Somali "Pirate leader" on trial in Bruges

The trial of the Somali pirate chief Mohamed Abdi Hassan has started in Bruges. The man stands accused of masterminding the hi-jacking of the Belgian ship Pompei in 2009. Mohamed Abdi Hassan and his fellow accused have refused to be present at the trial.

Mohamed Abdi Hassan is seen as the leader of a group of pirates responsible for hi-jacking countless vessels off the coast of Somalia. Belgian prosecutors are taking him to court for the hi-jacking of the Pompei, a vessel operated by the Belgian dredging company Jan De Nul. The crew of the vessel was only released after a ransom of two million euros was paid.

Abdi Hassan was enticed to come to Belgium in 2013 after he was convinced that a film was to be made about his life as a pirate. The chief defendant was also active in Somali politics and when he was detained a high-ranking Somali official who was accompanying him was also arrested.

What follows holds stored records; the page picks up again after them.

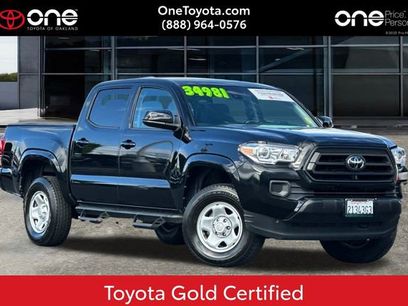 Certified 2021 Toyota Tacoma SR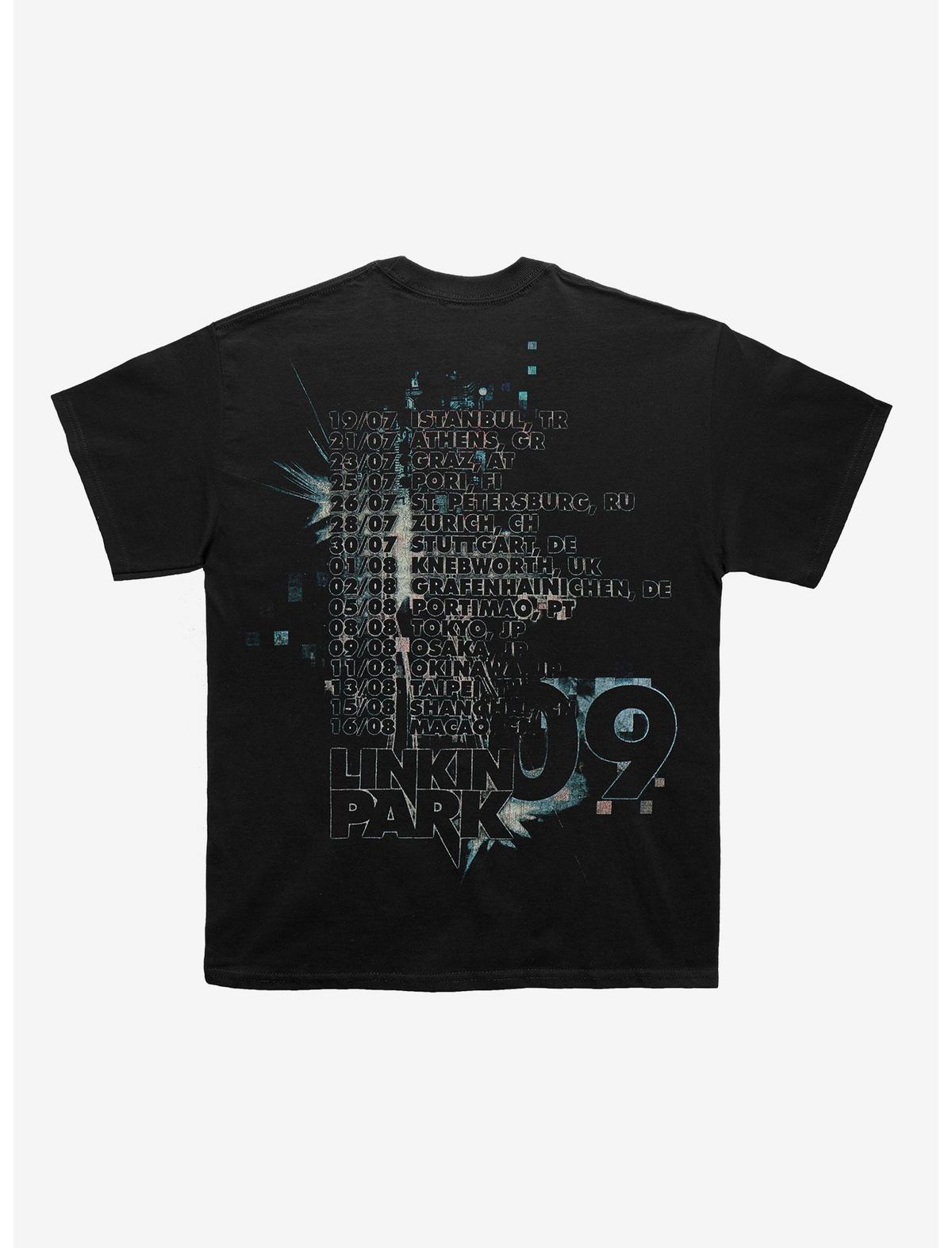 Linkin Park 2009 Tour T-Shirt - US 6349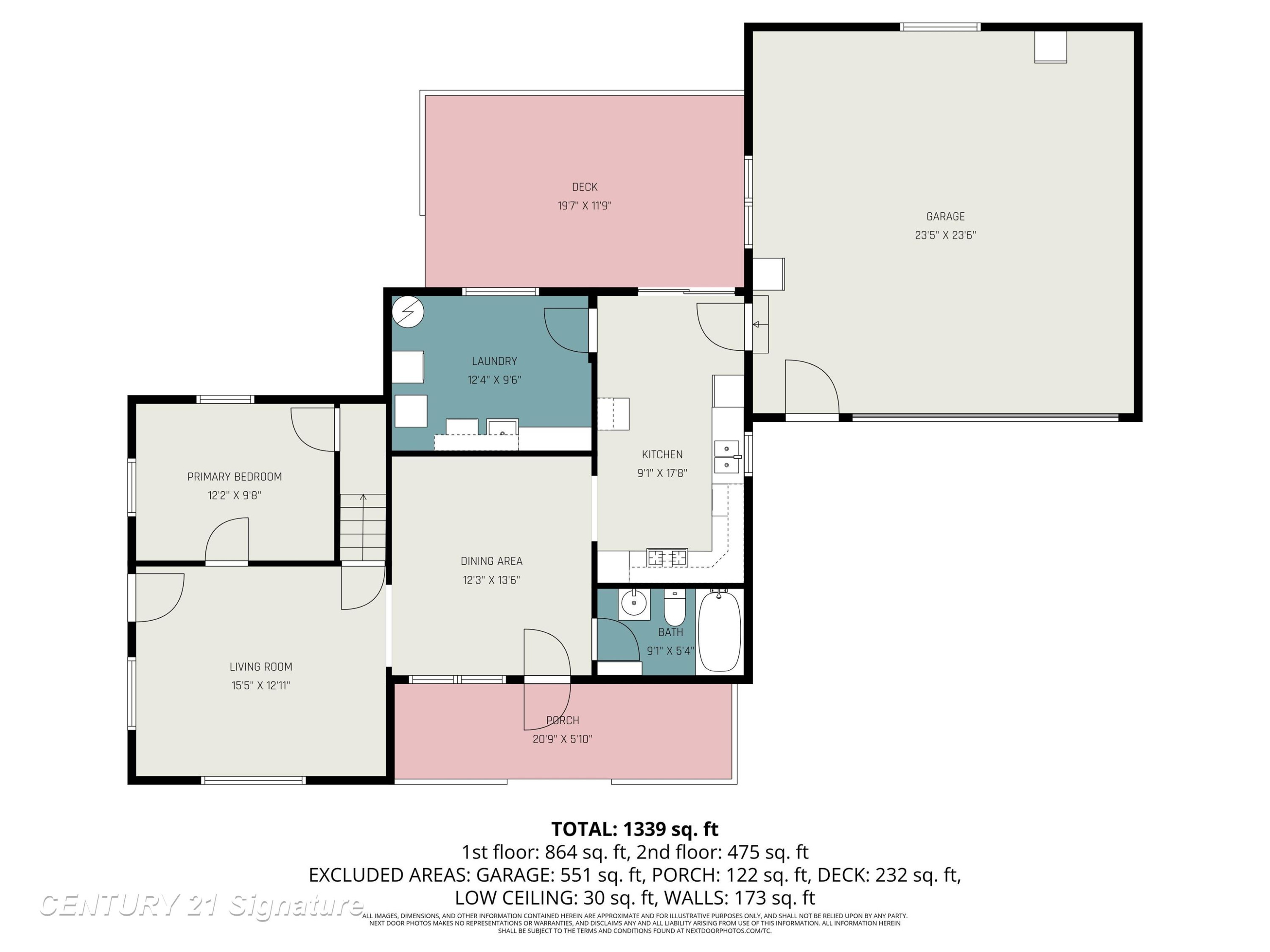200 W Adams Street, Coleman, MI 48618 — Photo 4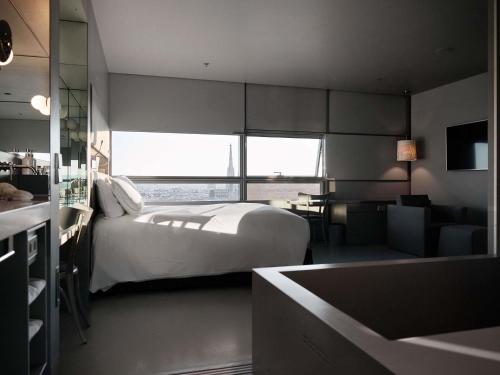 Deluxe - Vistas a la catedral, 1 cama king o 2 camas individuales del hotel So/ Vienna. Foto 1
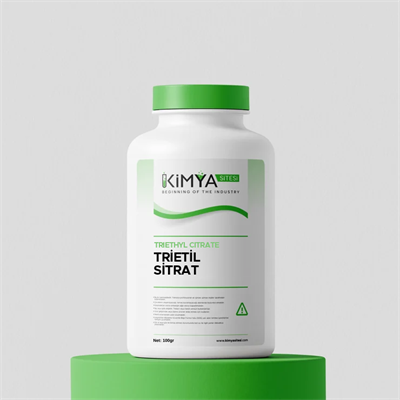 Trietil Sitrat (Triethyl Citrate)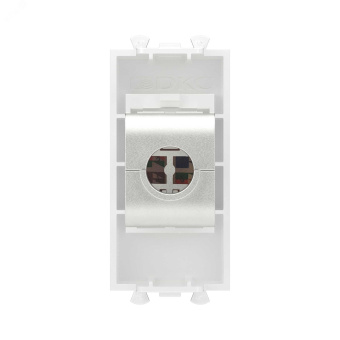 Avanti Компьютерная розетка RJ-45 без шторки      модульная кат.5е экранированная Белое облако 1    модуль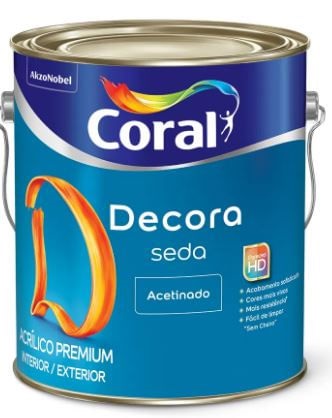 Tinta Acabamento de Seda ac br 3.6l Cora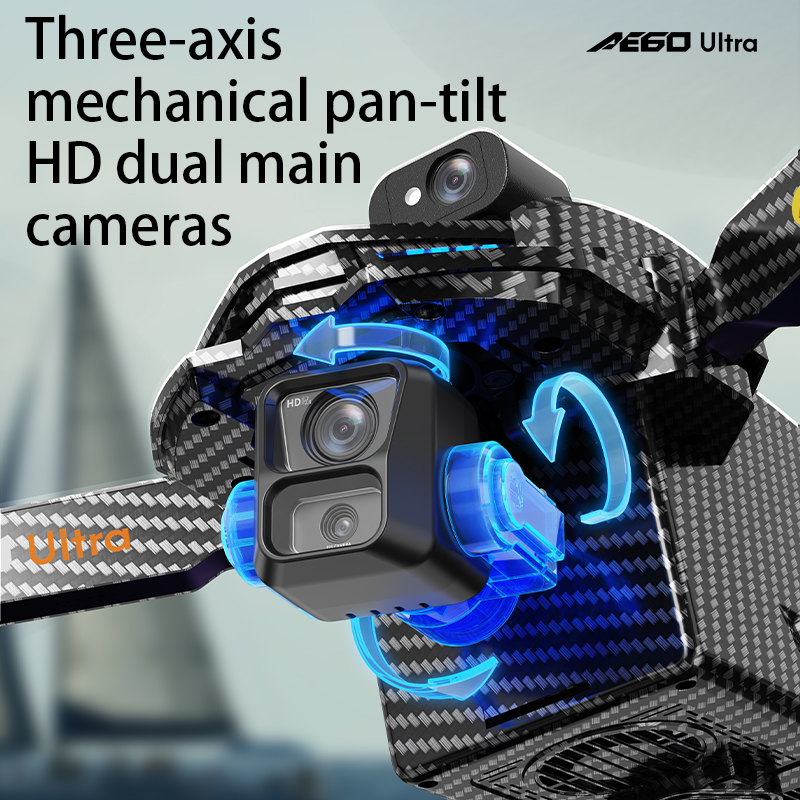 AE60 GPSドローン プロフェッショナル 8Kカメラ 3 - Drone Rc App のレビューと価格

Both men now face charges in Bruges.

Abdi Hassan's lawyer told the court that his client would not attend because the public prosecutor came up with 2,500 new pieces of evidence only two days ago without giving the Somali time to examine them.

It seems likely that any trial will have to be repeated because in such cases the defendant has a right to appeal.

Two Somali pirates are currently in gaol in Belgium in connection with the abduction of the Pompei. They were sentenced to 9 and 10 year prison sentences.